Incorporation of spatially-resolved current density measurements with photoluminescence for advanced parameter imaging of solar cells

The spatial distribution of device performance parameters of solar cells provides important insight into their operation, including the type and magnitude of conversion losses and potential areas of improvement. In most of the procedures used to create these parameter images, a uniform (i.e., global) short-circuit current density (JSC) is usually assumed. However, JSC is known to vary over the surface of a solar cell, especially in polycrystalline absorber materials like multicrystalline silicon.
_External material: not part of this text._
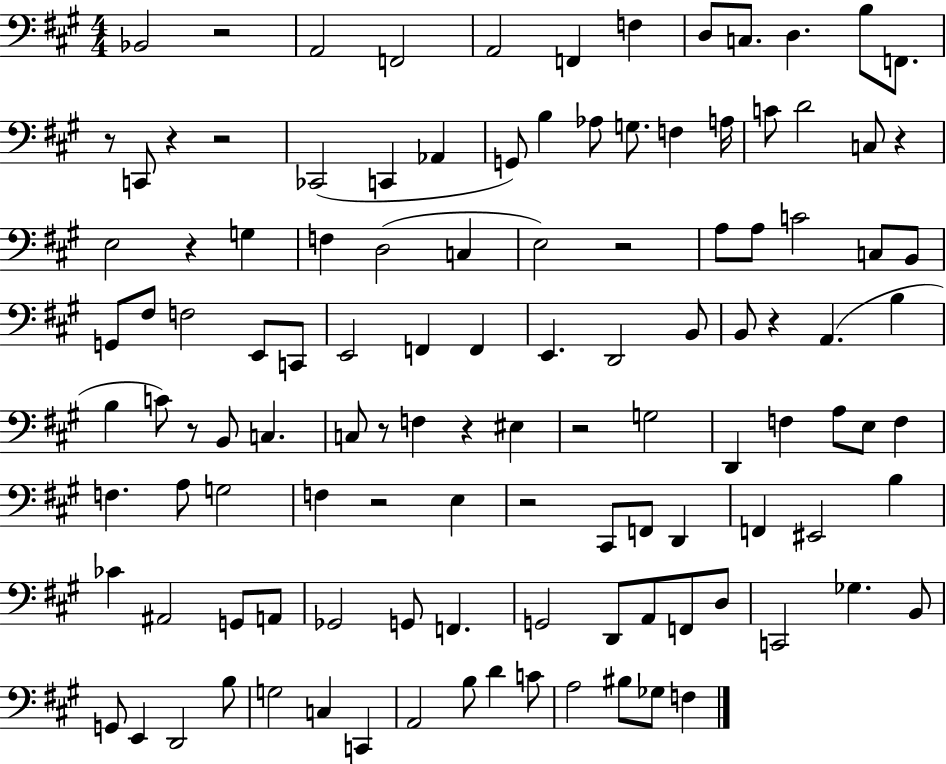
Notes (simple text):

Bb2/h R/h A2/h F2/h A2/h F2/q F3/q D3/e C3/e. D3/q. B3/e F2/e. R/e C2/e R/q R/h CES2/h C2/q Ab2/q G2/e B3/q Ab3/e G3/e. F3/q A3/s C4/e D4/h C3/e R/q E3/h R/q G3/q F3/q D3/h C3/q E3/h R/h A3/e A3/e C4/h C3/e B2/e G2/e F#3/e F3/h E2/e C2/e E2/h F2/q F2/q E2/q. D2/h B2/e B2/e R/q A2/q. B3/q B3/q C4/e R/e B2/e C3/q. C3/e R/e F3/q R/q EIS3/q R/h G3/h D2/q F3/q A3/e E3/e F3/q F3/q. A3/e G3/h F3/q R/h E3/q R/h C#2/e F2/e D2/q F2/q EIS2/h B3/q CES4/q A#2/h G2/e A2/e Gb2/h G2/e F2/q. G2/h D2/e A2/e F2/e D3/e C2/h Gb3/q. B2/e G2/e E2/q D2/h B3/e G3/h C3/q C2/q A2/h B3/e D4/q C4/e A3/h BIS3/e Gb3/e F3/q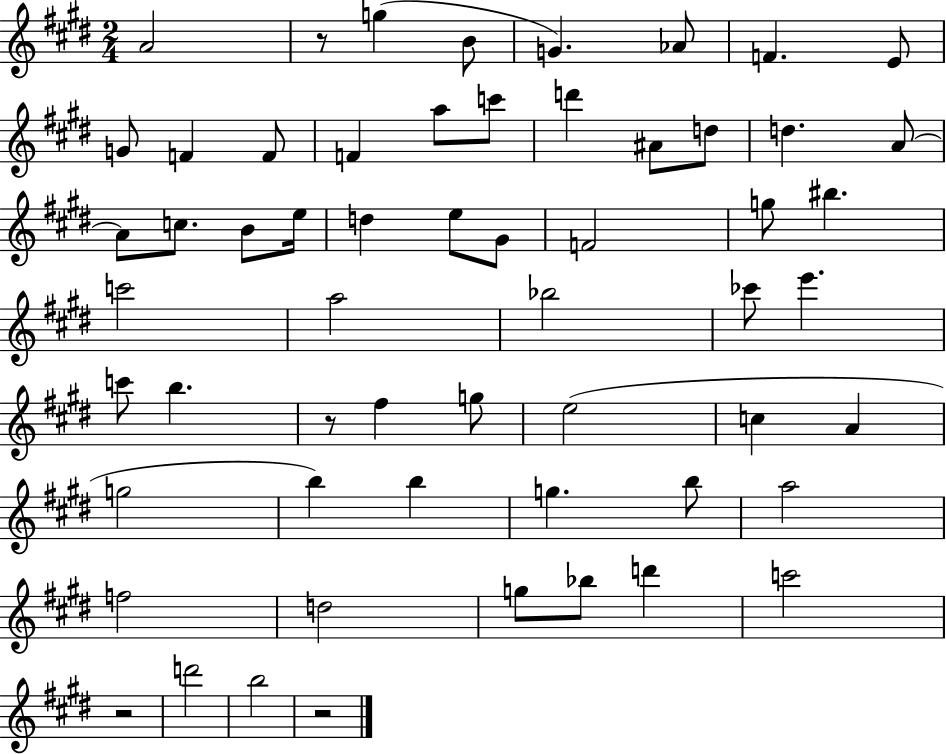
A4/h R/e G5/q B4/e G4/q. Ab4/e F4/q. E4/e G4/e F4/q F4/e F4/q A5/e C6/e D6/q A#4/e D5/e D5/q. A4/e A4/e C5/e. B4/e E5/s D5/q E5/e G#4/e F4/h G5/e BIS5/q. C6/h A5/h Bb5/h CES6/e E6/q. C6/e B5/q. R/e F#5/q G5/e E5/h C5/q A4/q G5/h B5/q B5/q G5/q. B5/e A5/h F5/h D5/h G5/e Bb5/e D6/q C6/h R/h D6/h B5/h R/h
In this work, a high speed quantum efficiency measurement rastered over the surface of a solar cell is used to obtain images of JSC. These JSC images are then used to calculate images of series resistance, dark saturation current density, fill factor, and conversion efficiency. Comparisons are made between the images created with a global JSC and with the spatially-resolved JSC. Negligible variation is observed in the series resistance and dark saturation current density images, but a drastic change is observed in the efficiency images between these two methods. •The local JSC is successfully incorporated into photoluminescence-based parameter imaging.•The assumption of a global JSC or a spatially-resolved JSC makes negligible change in the resulting images of RS and J0.•The use of a spatially-resolved JSC makes a dramatic difference in the resulting images of efficiency.•Combining spatially-resolved quantum efficiency with photoluminescence imaging, root causes of defects can be identified.